Когда я смотрел в Европу тридцать восьмого года (он стал похлопывать рукой по руке), единственное место, где был свет, была Америка. Там было демократическое правительство, New Deal,
Новый Курс. Там все было в порядке, там царствовали какие-то либералы. Единственная страна, на которую можно было смотреть с известным удовольствием (он поправился), моральным удовольствием.
– А Черчилль?
– А Churchill другое дело. Без Черчилля мы были бы захвачены немцами – в том отношении, что… Я вам расскажу две истории. До войны я встретился с шведским посланником, он тогда не был послом. Вполне милый человек, его имя было Prytz: p,r,y,t,z -
Притц. Он был против Гитлера, был либерал, не знаю, где я его встретил, за каким-то обедом, где-то у какого-то друга. И он потом, двадцать лет спустя, жил в отставке на Ривьере. И он дал такое, я думаю, радиоинтервью, потом оно появилась как статья, в шведской газете: какое было время, как было в тысяча девятьсот тридцать четвертом году в Лондоне, когда он там служил.

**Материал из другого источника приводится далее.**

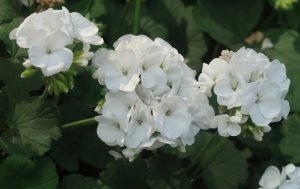Clusters of red Pelargonium 'Red' Geranium flowers in a 6” pot, set against lush green leaves.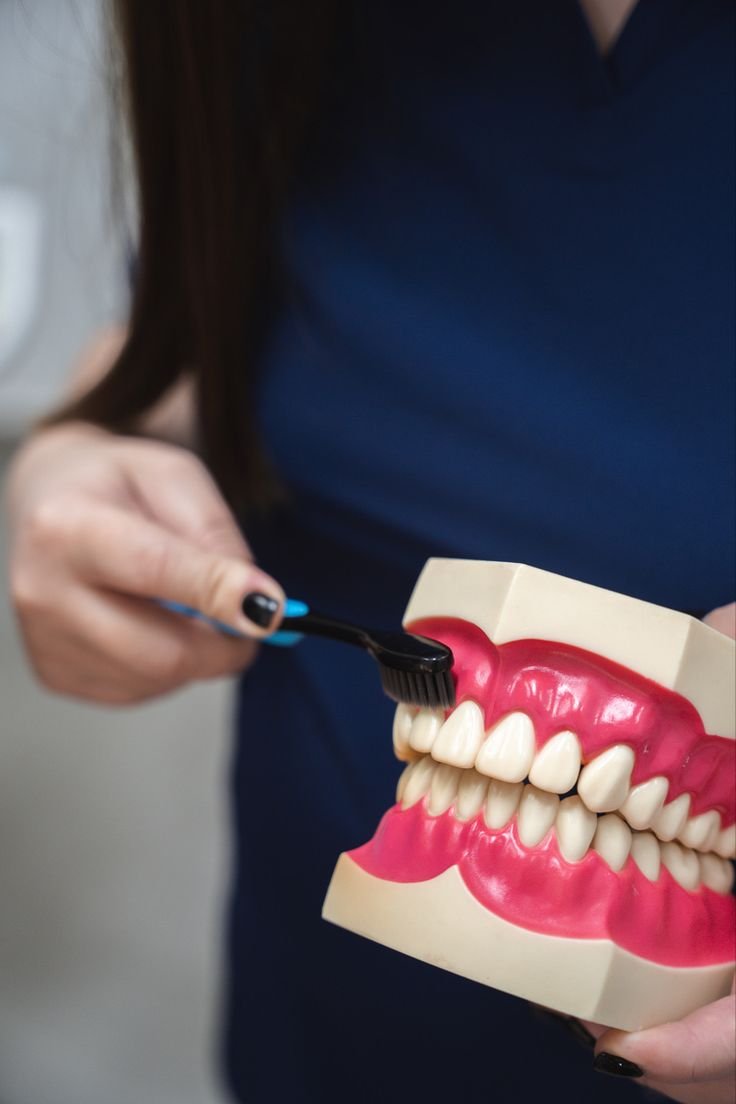 Person holding a dental model and brushing its teeth with a toothbrush.
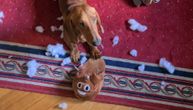 Najslađi i najnestašniji jazavičar u Beogradu: Upoznajte Kobija, psa kojeg uvek nađe nevolja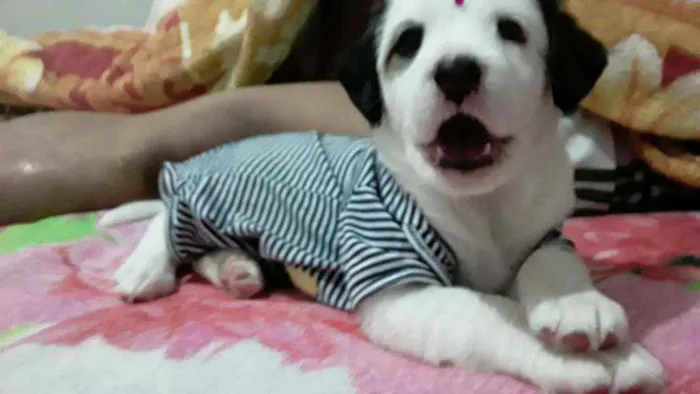 Cachorro ra a Lindinha idade Abaixo de 2 meses nome Filhotinha fêmea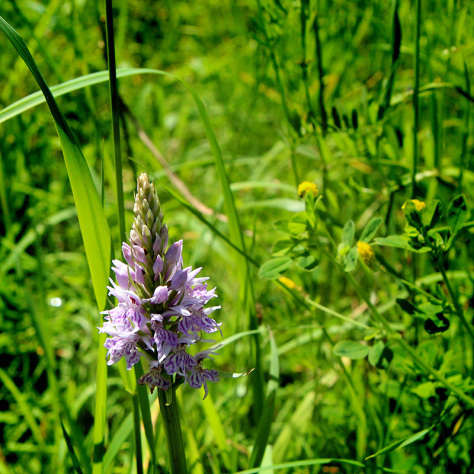 Common spotted orchid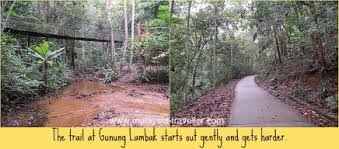 Maybe you would like to learn more about one of these? Gunung Lambak Kluang Johor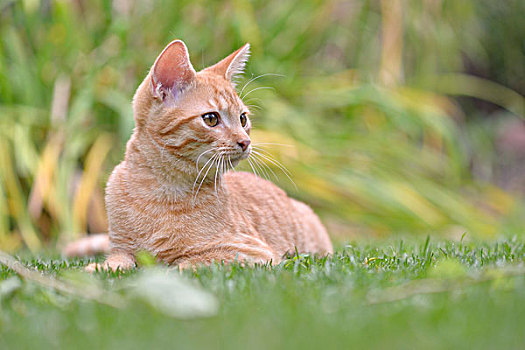 年轻,家猫,斑貓,躺着,花园,草坪,萨克森安哈尔特,德国,欧洲
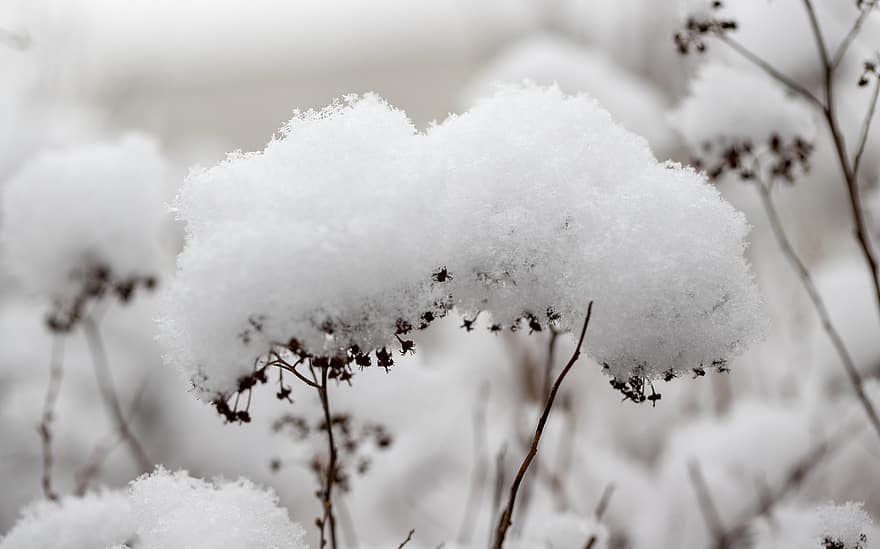 Plants, Weeds, Ice, Frozen, Snow, Wintry, Snowflakes, Winter, Frost, Cold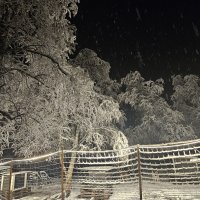 Entre entraînement et construction de traîneaux 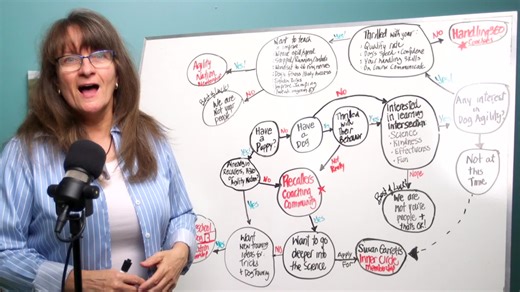 327 reactions · 3 comments |  If you've ever wanted to join one of our programs - now is your chance!  It's my birthday, and we're celebrating together by opening ALL of our programs for enrollment & offering some ‘never available at any other time’ special bundles! You can find all the information about our Celebrate Together Sale here  https://dogsthat.com/start-training | Susan Garrett's DogsThat | Facebook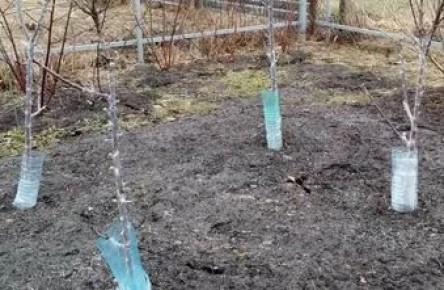 Пластиковые бутылки как незаменимый щит для садовых деревьев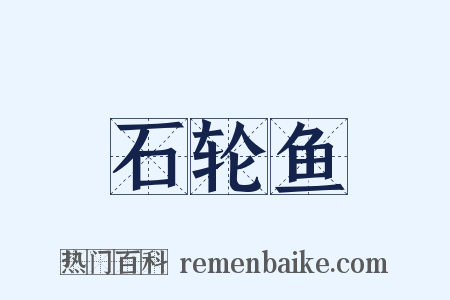 石轮鱼是什么意思的图片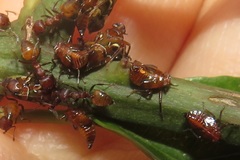 Crematogaster castanea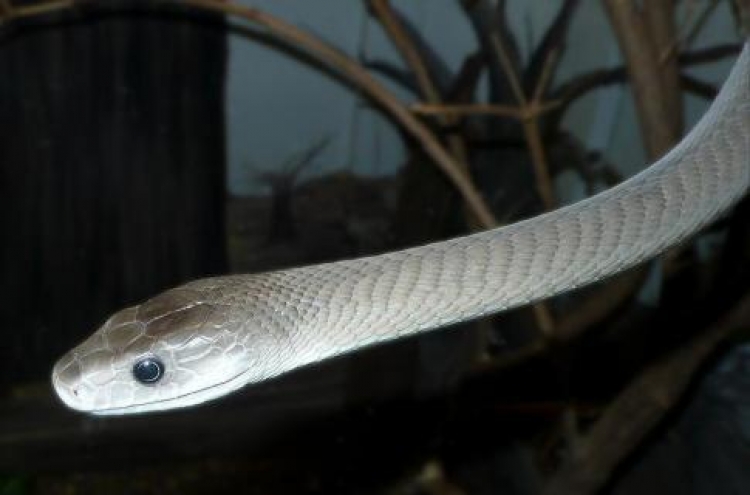 Deadly snake venom may make painkiller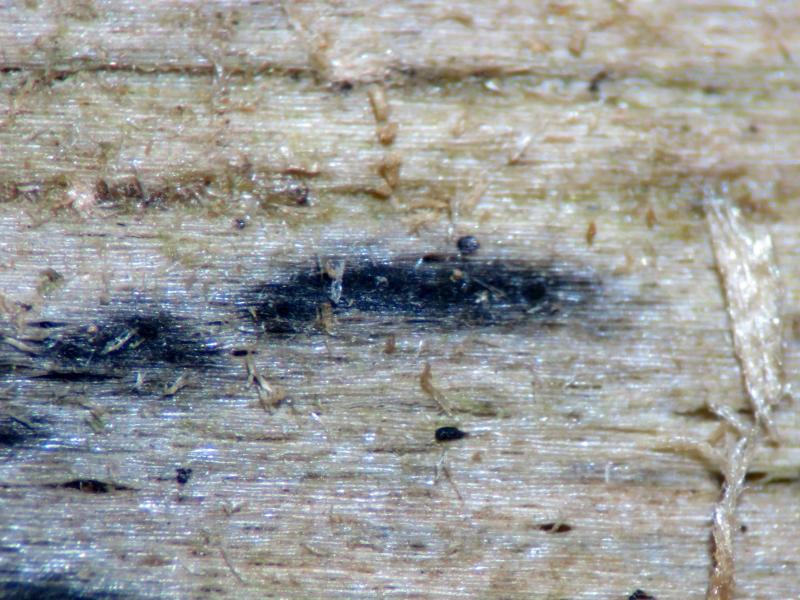 macrostoma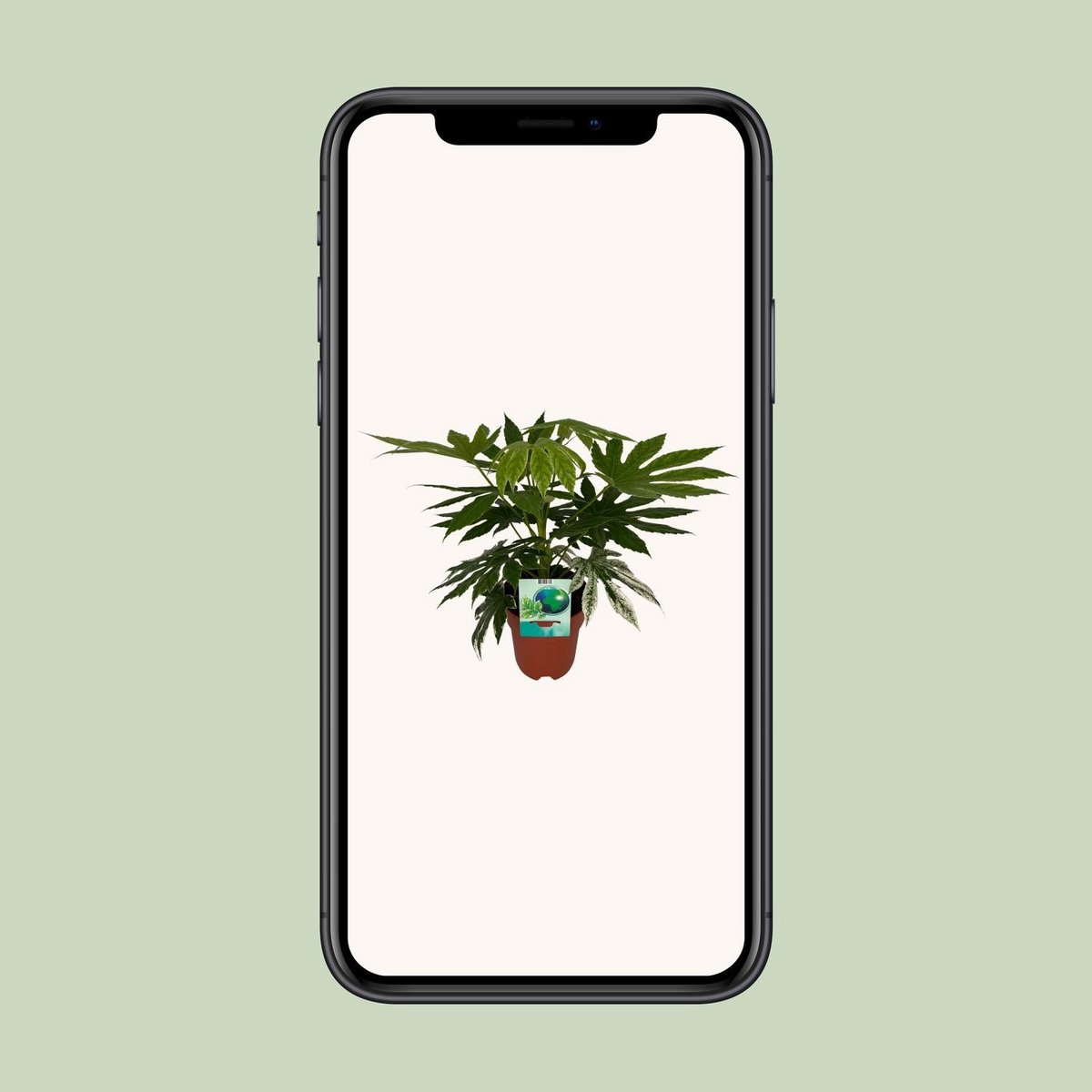 WSTKB [P19-H60] Fatsia SpiderWeb
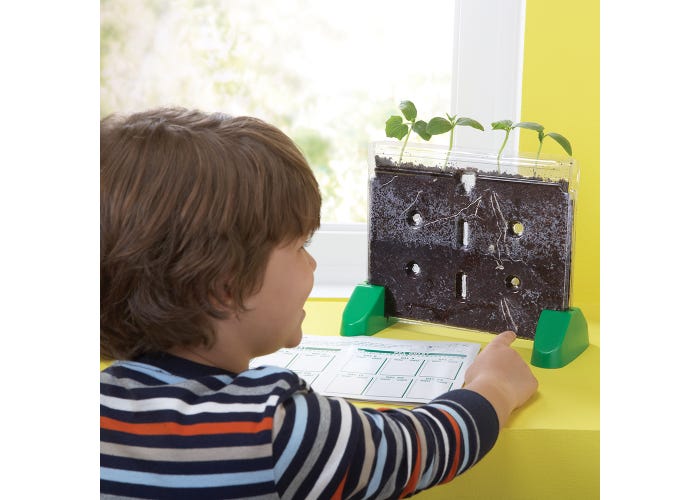 Sprout & Grow™ Window-Science & STEM-Tools 4 Teaching-Classroom Decor and More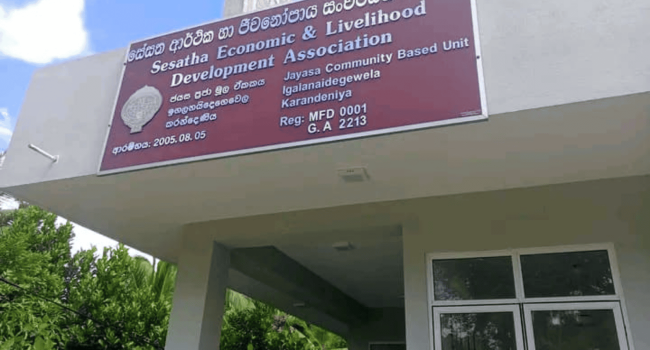 Untitled design (66)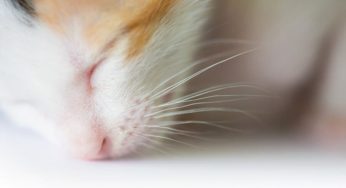 Será que os gatos sonham? Descubra tudo sobre o assunto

Он рассказал, что из Швеции постоянно шли указания: пробовать в разных местах заключать разные мировые сделки с Германией. Шло от капиталистов, шло от квакеров, шло от церквей и так далее. Он этим вещам ходу не давал, ничего с ними не делал, бросал их просто в мусорную корзину.
– Сделки с Германией? Из Швеции или через Швецию?
– Из Швеции. Что нужно делать разные пробы, нужно говорить с этим, с тем, другим – чтобы как-то устроить что-то с Германией.
Peace-feeler это называлось. Как по-русски peace-feeler?..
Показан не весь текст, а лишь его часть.